On 11 December 2024, the junta enacted the Cybersecurity Law, a revised version of the 2022 draft. The law mandates that individuals or companies providing VPN services must register with a designated government ministry yet to be specified. The law states that anyone caught operating an unregistered VPN service faces penalties ranging from one to six months’ imprisonment, fines between MMK 1 million and MMK 10 million (approximately USD 226 to USD 2,260), or both. For companies or organizations, the fine starts at MMK 10 million.
Sub-clause 36(c) specifies that anyone using computer programs or electronic data with “dishonest intention” may face six months to two years’ imprisonment, a fine between MMK 1 million and MMK 10 million, or both. However, "dishonest intention" is left undefined, allowing for arbitrary interpretation and detentions against individuals by the regime. A significant revision from the previous draft is the law’s extension to include Myanmar nationals living abroad, as stated in Section 3(b). The law also authorizes a ministry designated by the regime to oversee cybersecurity services and digital platform services for national defense and security purposes, or upon the request of a regime department or organization, in accordance with relevant laws.
The law introduces two types of licenses for Cybersecurity services and Digital platform providers, valid for 3–10 years: Additionally, it stipulates that digital platforms with 100,000 or more users are required to obtain a license. Failure to comply may result in fines of at least MMK 100 million (approximately USD 47,600), and any proceeds from violations will be confiscated.
Arguably, one of the most troubling aspects of the law is its mandate on digital platform service providers to: retain user information, including usernames, IP addresses, phone numbers, identification card numbers, addresses, and usage data, as specified by the relevant department, for up to three years. The data is to be provided to the relevant authorities upon request. This could be interpreted as the extension of the 2022 draconian measures previously imposed on digital mobile payment platforms, which required service providers to register users with their photos, national identity cards, and SIM card numbers.
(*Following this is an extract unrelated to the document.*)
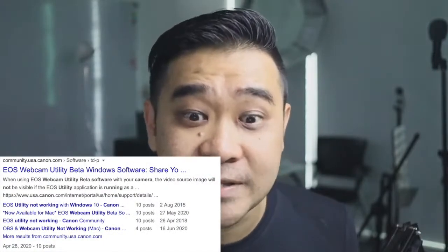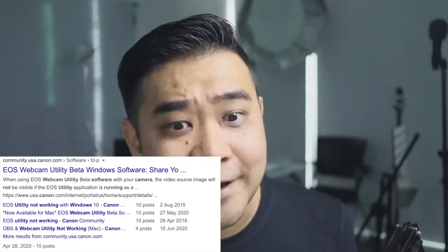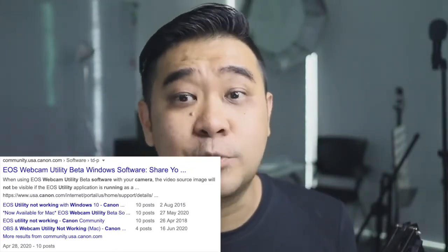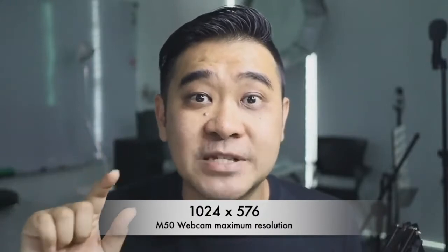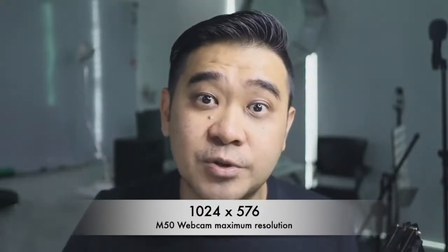Not all applications can use the M50 as a webcam at the moment, but I'm sure after Canon's beta testing, the final driver would support all the major video conferencing and streaming softwares like Zoom, Skype, Microsoft Teams, Twitch, StreamYard, etc. Unfortunately, the resolution is maxed out at 1024 by 576 only, so you're not seeing this in 1080. However, I personally feel that the resolution is more than enough, especially if you're vlogging or just doing some product reviews.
Moreover, in an apparent effort to limit the reach of anti-regime content especially on social media like Facebook, the law requires digital platforms to remove “fake news,” "illegal" content, and posts inciting violence.
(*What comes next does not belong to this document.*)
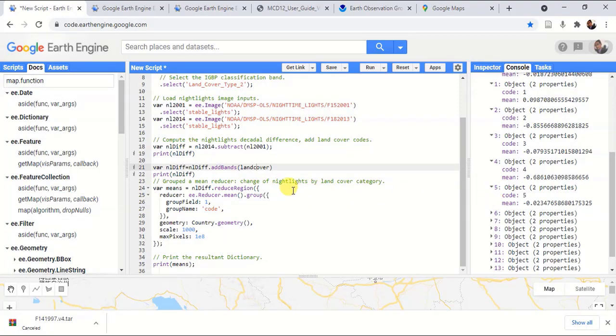Likewise, we can work with different raster datasets and work through them in order to get the different results that we require. See you.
Overall, the Cybersecurity Law appears designed to increase monitoring of activities of social media users and expand business opportunities for crony networks. News reports, while yet to be corroborated, suggest that military-affiliated entities, including a company owned by junta leader Min Aung Hlaing’s son, Aung Pyae Son, have proposed establishing VPN services in Myanmar. While the law could have security implications for individuals and online businesses by forcing them to record user data, its enforceability is rather questionable. Major social media platforms, such as Facebook which has already been banned by the regime, X (formerly Twitter), and Signal, as well as VPN services commonly used in Myanmar, remain beyond the junta’s jurisdiction. Additionally, individual users are unlikely to willingly subscribe to military-affiliated VPN services for apparent security issues unless further coercive measures are implemented. One such measure could involve intensifying efforts to suppress foreign VPN services. Since May 2024, the military has demonstrated increased capacity to block VPNs, leveraging new technologies that have significantly disrupted most connections. Escalating these actions could potentially force individual users and businesses to switch to junta-affiliated services.